Pakistan passes historic transgender law guaranteeing basic rights for citizens

A Pakistani transgender activist poses for a photograph as they take part in a demonstration in Karachi on November 20, 2017. The event was held to mark World Transgender Day. / AFP PHOTO / ASIF HASSAN (Photo credit should read ASIF HASSAN/AFP/Getty Images)

Pakistan’s parliament has passed a law guaranteeing basic rights for transgender people, in a move hailed by advocates as historic for the country.

The Transgender Persons (Protection of Rights) Act allows people to self-identify as male, female or non-binary and to have that identity recorded on official documents, including passports and ID cards.

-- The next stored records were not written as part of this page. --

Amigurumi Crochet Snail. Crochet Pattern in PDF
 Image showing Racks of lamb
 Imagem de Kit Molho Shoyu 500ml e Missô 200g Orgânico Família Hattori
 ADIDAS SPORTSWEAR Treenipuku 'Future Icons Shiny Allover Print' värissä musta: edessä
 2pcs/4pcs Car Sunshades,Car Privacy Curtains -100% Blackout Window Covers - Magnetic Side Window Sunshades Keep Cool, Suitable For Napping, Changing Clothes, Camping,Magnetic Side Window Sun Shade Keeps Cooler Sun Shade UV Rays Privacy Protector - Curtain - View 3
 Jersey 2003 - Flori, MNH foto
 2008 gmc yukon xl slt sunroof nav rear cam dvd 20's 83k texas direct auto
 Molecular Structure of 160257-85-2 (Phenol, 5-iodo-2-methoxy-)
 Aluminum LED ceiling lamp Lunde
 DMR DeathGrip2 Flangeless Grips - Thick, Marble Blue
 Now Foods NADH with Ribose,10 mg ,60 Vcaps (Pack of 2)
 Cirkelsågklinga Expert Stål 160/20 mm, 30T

It guarantees citizens the right to a gender identity defined as “a person’s innermost and individual sense of self” that can “correspond or not to the sex assigned at birth.”

The bill, passed by MPs in the capital Islamabad, also prohibits discrimination in public places, including schools, hospitals and on public transport.

It ensures trans citizens are given the right to vote in national, provincial and local government elections, the right to run for public office and guarantees their right to inheritance.

Pakistani transgender activists carry placards through Karachi (ASIF HASSAN/AFP/Getty)

It also calls on the Pakistani government to establish safe houses for citizens at risk of violence and provide psychological counselling to those who need it.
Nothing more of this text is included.